> **Work required**
Return exactly the lines from the start of the records below through the line containing "AI generira kod. ilustracija", both ends included, and leave out the pictures.

Caption-style text data:
——

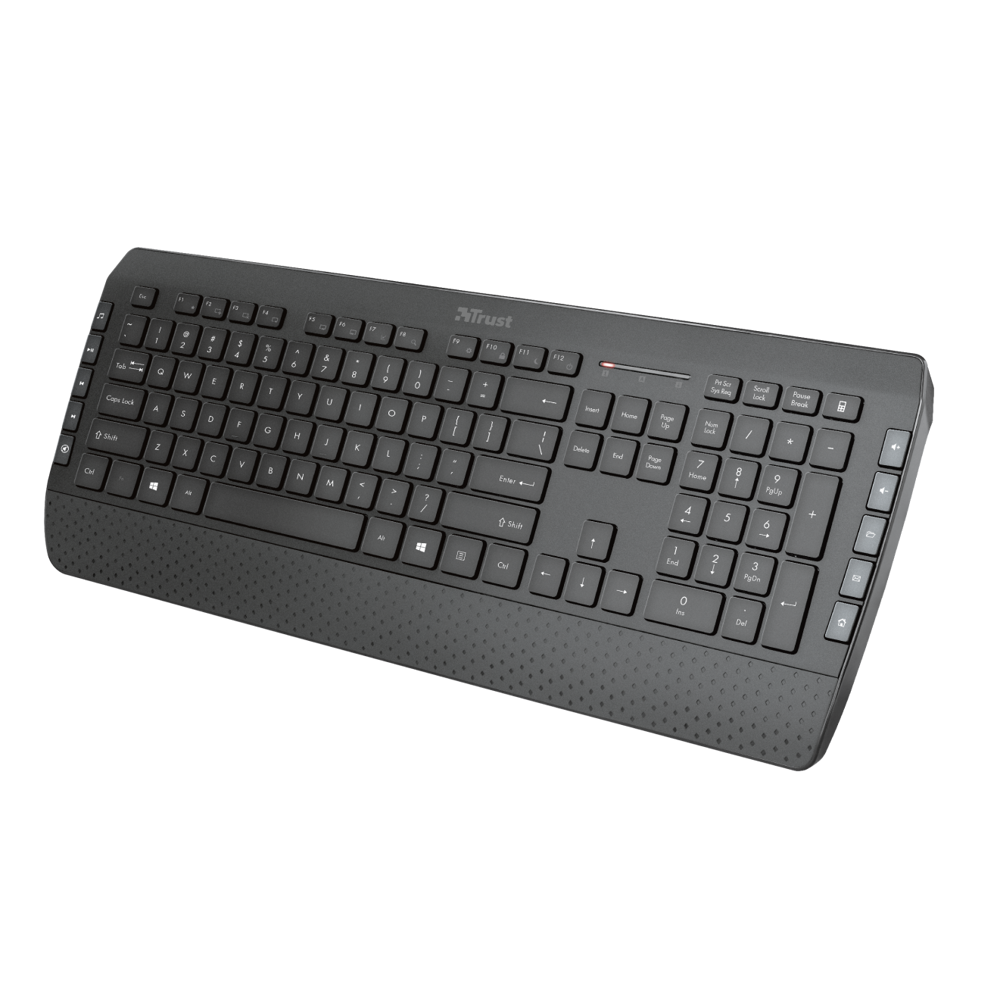 კლავიატურა + მაუსი Trust Tecla-2, Wireless, USB, Keyboard And Mouse, Black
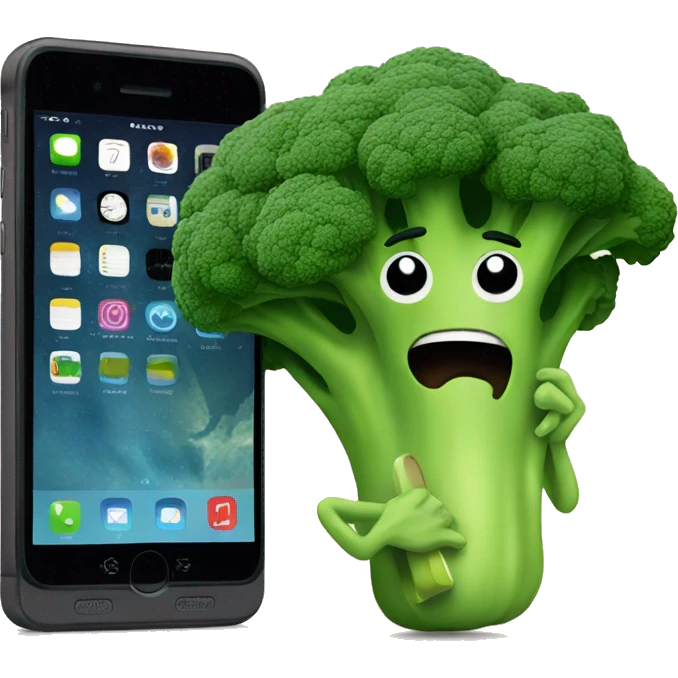 Broccoli holding a phone emoji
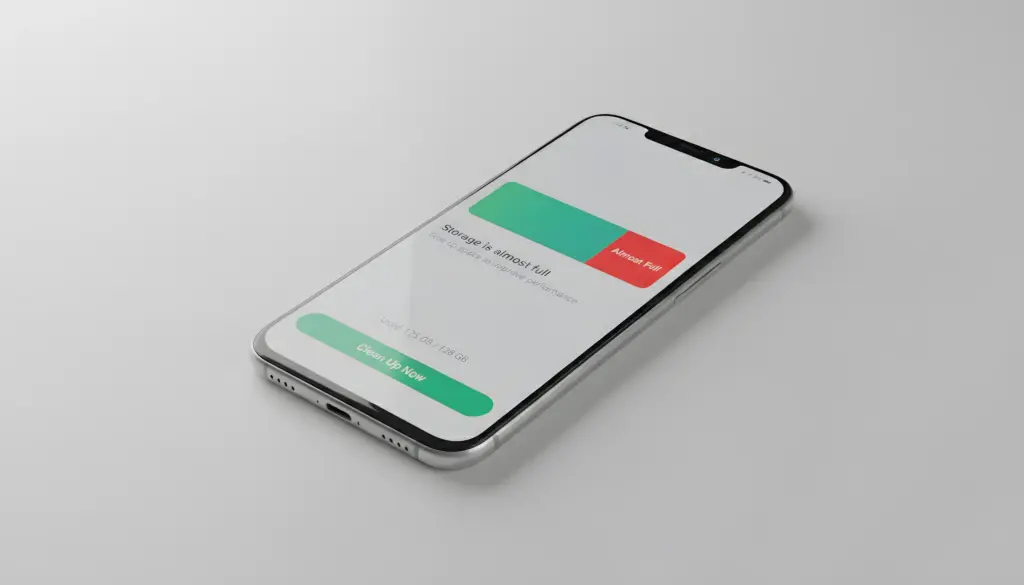 Smartphone Android mostrando indicador de almacenamiento casi lleno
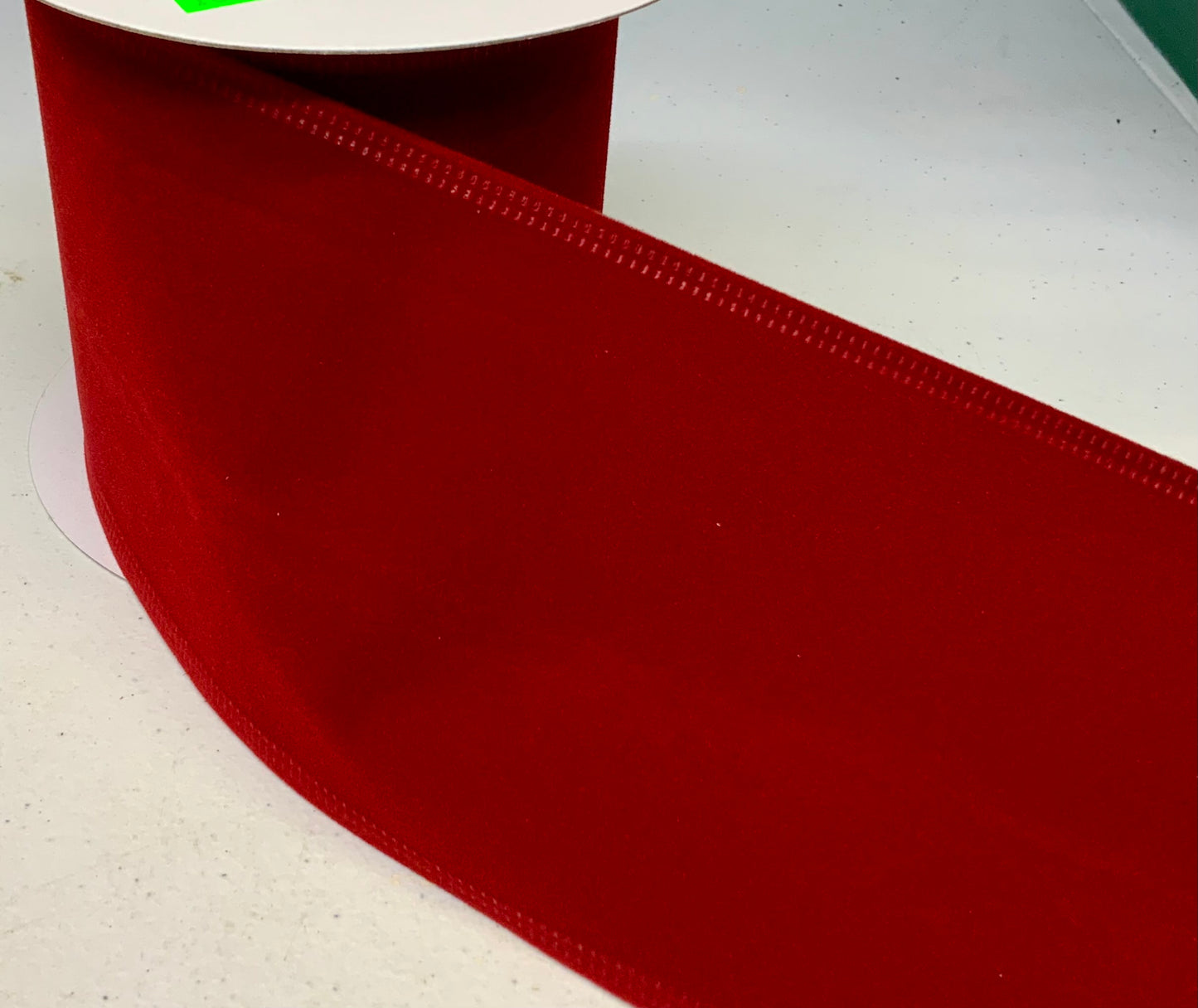 Wired Berry Red Velvet Ribbon-4”x10 Yards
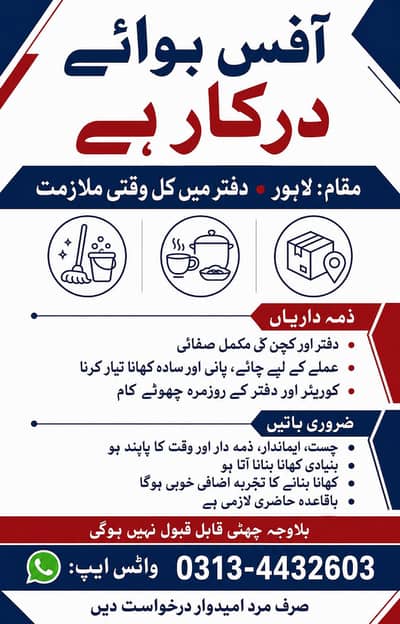 Office boy required in Lahore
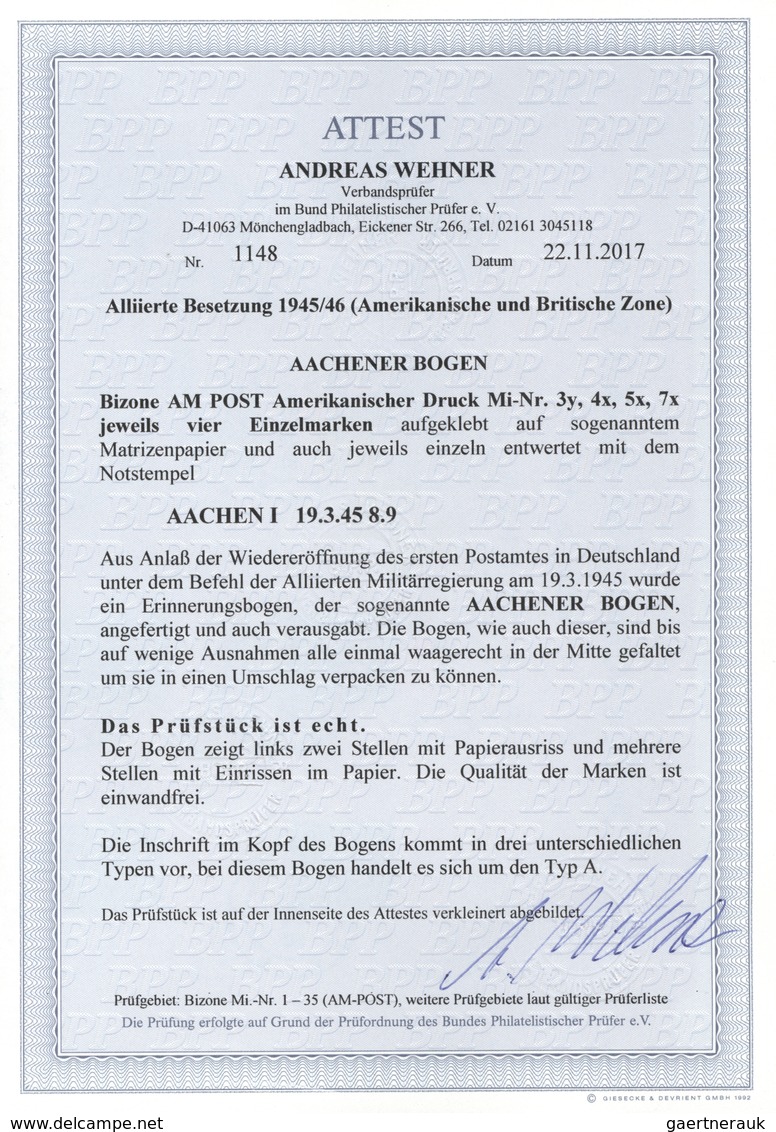 Bizone: 1945, Aachener Bogen In Type A, Attest Wehner BPP 11/2017 : "Das Prüfstück Ist Echt. Der Bog - Altri & Non Classificati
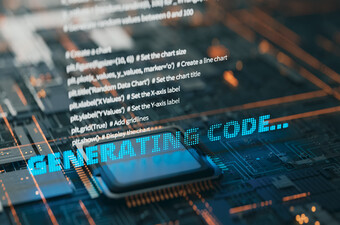 AI generira kod. ilustracija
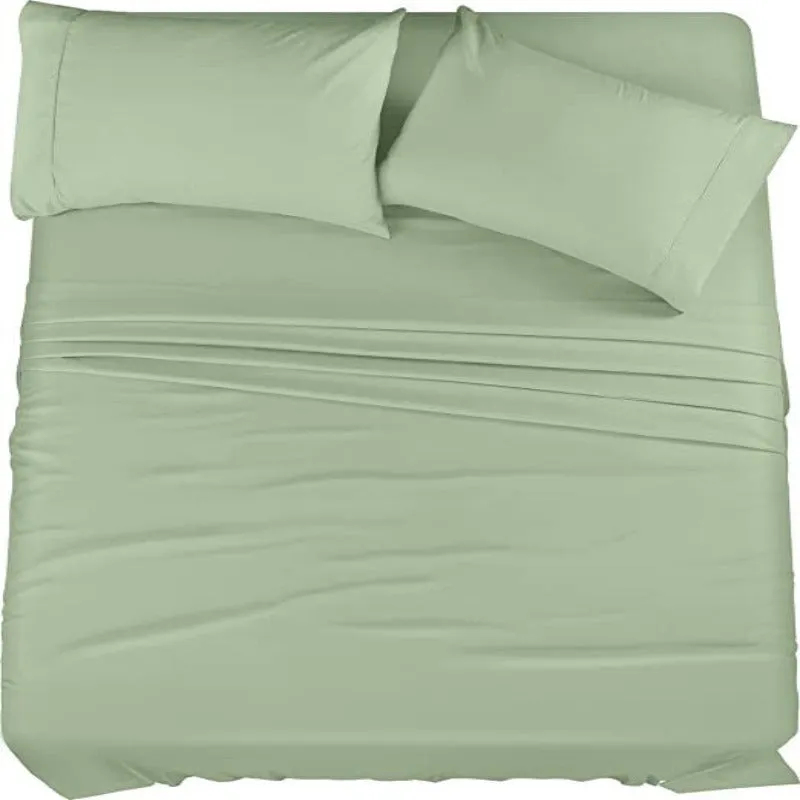 Bedding Sheets Set, 4 Piece Bedding, Brushed Microfiber, Shrinkage and Fade Resistant, Easy Care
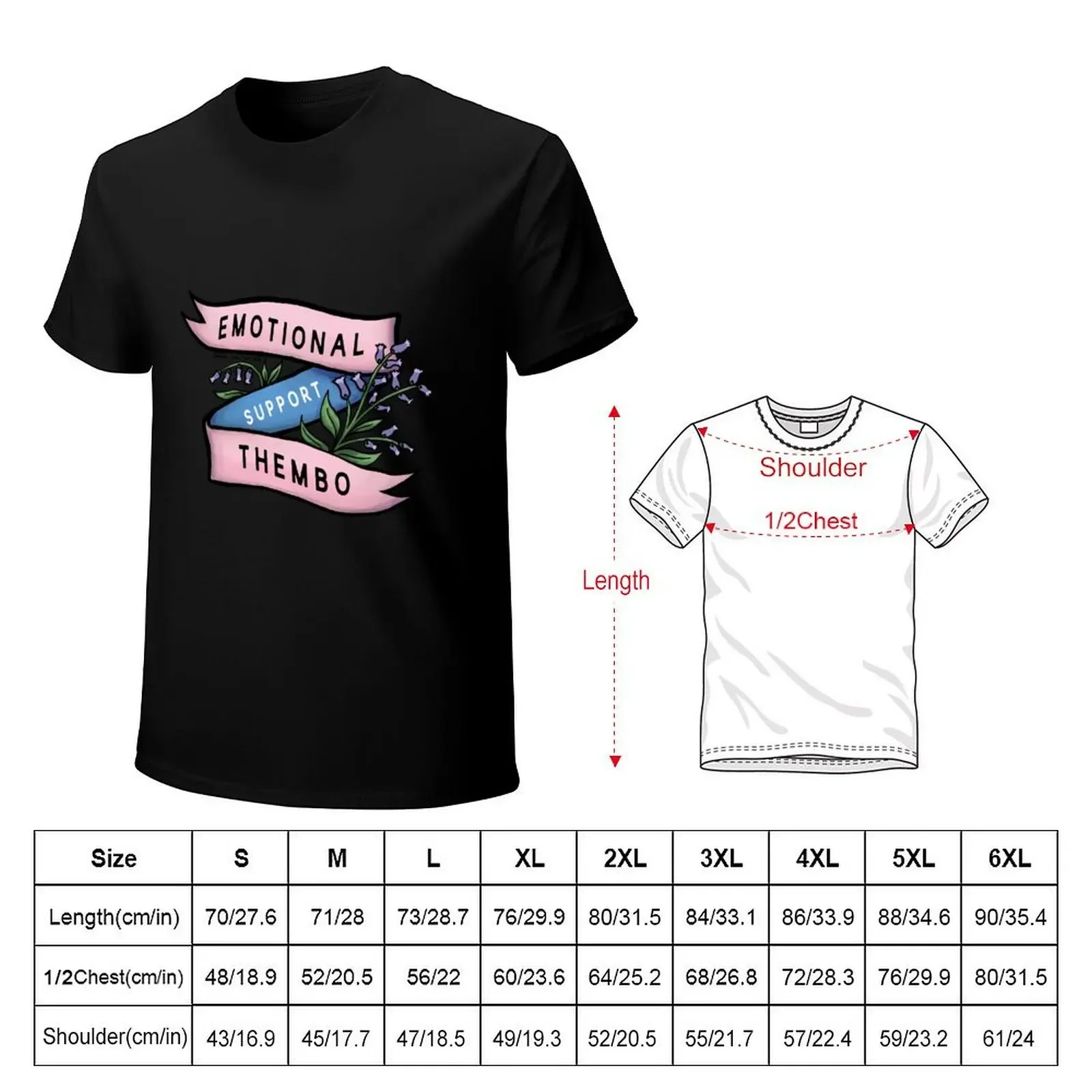 emotional support thembo T-Shirt vintage clothes cotton graphic tees mens graphic t-shirts pack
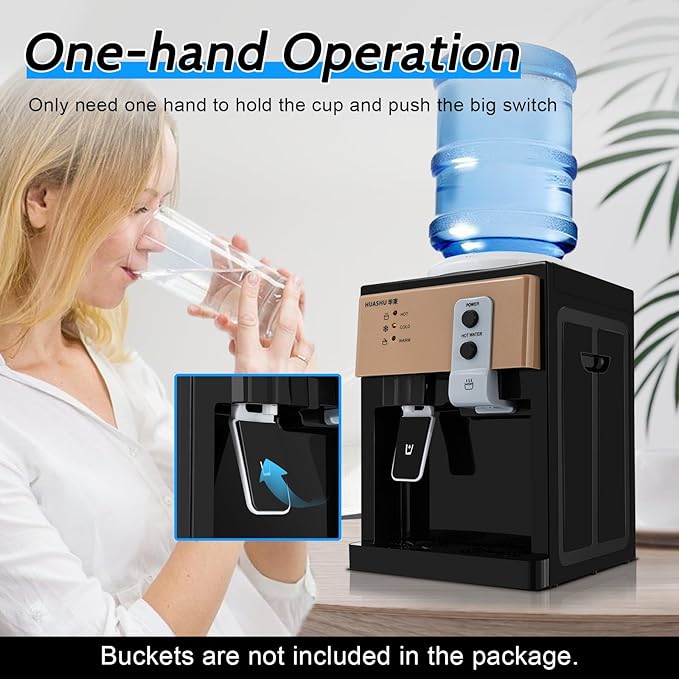 Water Dispenser Top Loading Countertop Water Cooler Dispenser with 3 Temperature Settings Desktop Electric Hot and Cold Dispenser for Home, Office, Dormitory (Black)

——

> **Completed task**
 კლავიატურა + მაუსი Trust Tecla-2, Wireless, USB, Keyboard And Mouse, Black
 Broccoli holding a phone emoji
 Smartphone Android mostrando indicador de almacenamiento casi lleno
 Wired Berry Red Velvet Ribbon-4”x10 Yards
 Office boy required in Lahore
 Bizone: 1945, Aachener Bogen In Type A, Attest Wehner BPP 11/2017 : "Das Prüfstück Ist Echt. Der Bog - Altri & Non Classificati
 AI generira kod. ilustracija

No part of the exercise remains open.